Le spectacle était magnifique. Pourtant le jeune homme assis sur un petit promontoire d'herbe tendre, ne semblait pas vouloir en profiter. Il avait retiré sa cape et sa robe d'étudiant à Poudlard, sans doute gêné par la chaleur de la fin de journée, et avait replié ses genoux contre lui, les enserrant entre ses deux mains jointes.
Il était là depuis un bon moment déjà. Peu à peu la chaleur inhabituelle de cette douce journée de printemps avait fait place à la fraîcheur de la nuit, mais il ne semblait pas y prendre garde. Il ne bougeait pas, les yeux dans le vague, tout entier plongé dans sa méditation.
Bientôt un mois qu'il passait là toutes ses soirées, solitaire, les sens aux aguets malgré tout, prêt à fuir s'il avait perçu le moindre mouvement en direction de son refuge.
Pourtant il était à peu près sûr de ne pas être dérangé, le couvre feu était dépassé depuis longtemps et bien peu d'étudiants osaient braver l'interdit.
Rémus eut un sourire amer en pensant qu'il n'y avait guère que les maraudeurs pour le faire.
Mais les maraudeurs n'existaient plus. Il baissa la tête tristement à cette pensée « encore une chose dont je suis responsable » Il soupira et s'efforça de penser à autre chose.

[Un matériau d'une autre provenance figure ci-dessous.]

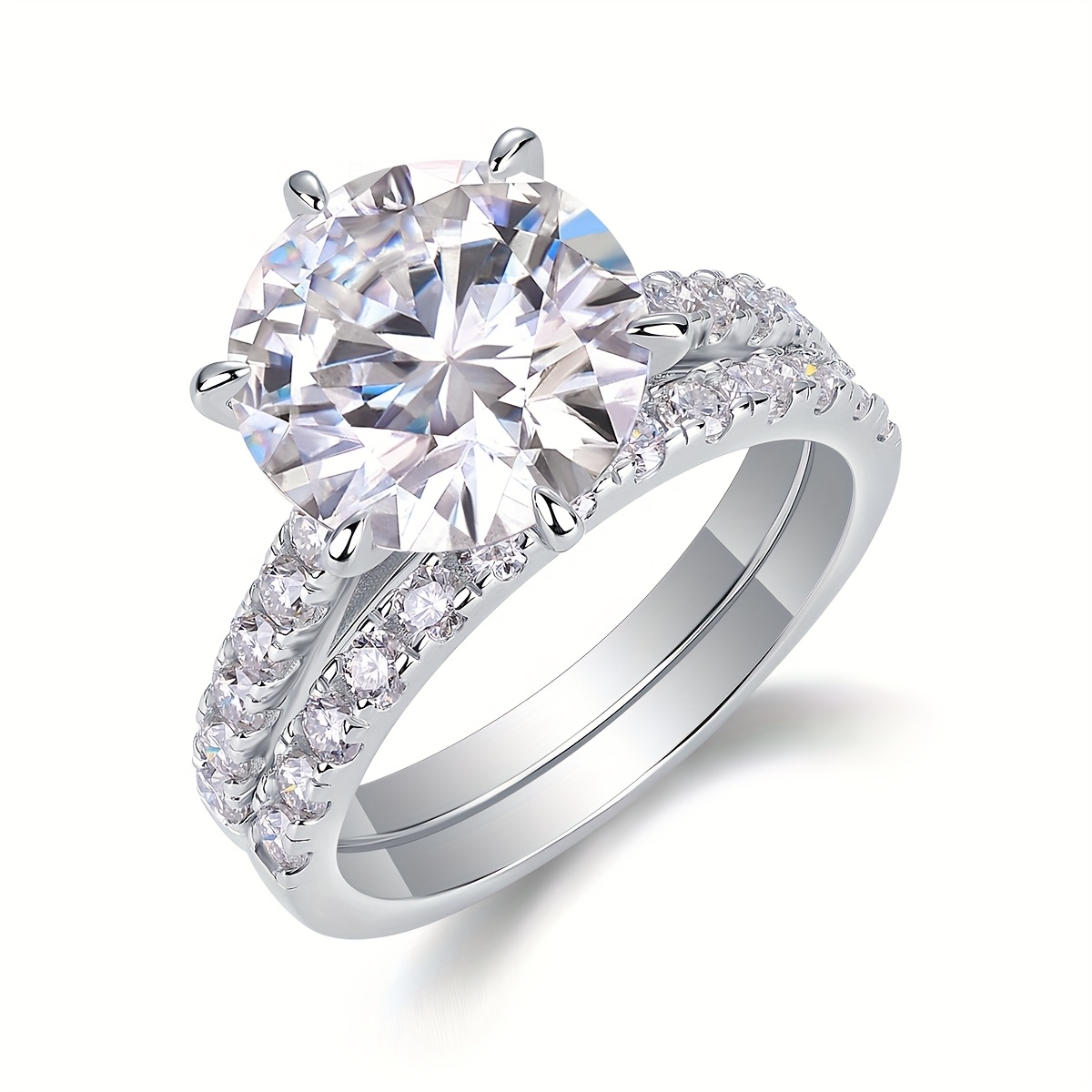 925 Silver Moissanite Women's Wedding Ring Set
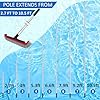 Swimming Pool Brush with Pole - 17.5" Wall Brush with 10FT Adjustable Aluminum Pole, Nylon Bristles, Curved Ends, EZ Clip Handle, Pool Brush for Cleaning Walls, Tiles & Floors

Il ne venait pas là pour admirer le paysage. Non, toute cette splendeur froide ne le touchait pas. Il était fasciné par le spectacle mais ne pouvait pas apprécier la beauté de la lune. Il ne pourrait jamais. La lune n'était pour lui qu'un tyran insatiable qui, tous les mois, lui réclamait son tribut de douleur.
Il leva légèrement les yeux et la grosseur de l'astre lui rappela douloureusement que la nuit prochaine, il devrait subir une nouvelle transformation. La lune exigerait de nouveau que son corps martyrisé, libère pendant toute une nuit cette bête hideuse et monstrueuse tapie tout au fond de lui.
La pensée que cette fois il serait seul dans sa cabane pendant cette épreuve, lui fut tout à coup insupportable et il fut tenté l'espace d'un instant, de renoncer à son isolement volontaire pour demander à James et à Peter de l'accompagner une fois encore pendant cette nuit de cauchemar.
Mais son instant de faiblesse fut de courte durée. Il se morigéna. Il avait pris la résolution de ne plus faire courir dorénavant aucun risque à qui que ce soit et encore moins à ses amis. Et aussi dure que soit sa décision, il s'y tiendrait. Après tout, pendant des années il s'était débrouillé tout seul, il pourrait très bien recommencer. Ce serait son lot désormais, il fallait bien qu'il commence à s'y habituer.
Il rejeta la tête en arrière et respira profondément plusieurs fois pour essayer de dissiper un peu l'étau qui enserrait sa poitrine et menaçait de l'étouffer.
Ses amis lui manquaient cruellement.
C'était à l'infirmerie, après son réveil et les explications de Dumbledore qu'il avait pris la décision de quitter leur chambrée.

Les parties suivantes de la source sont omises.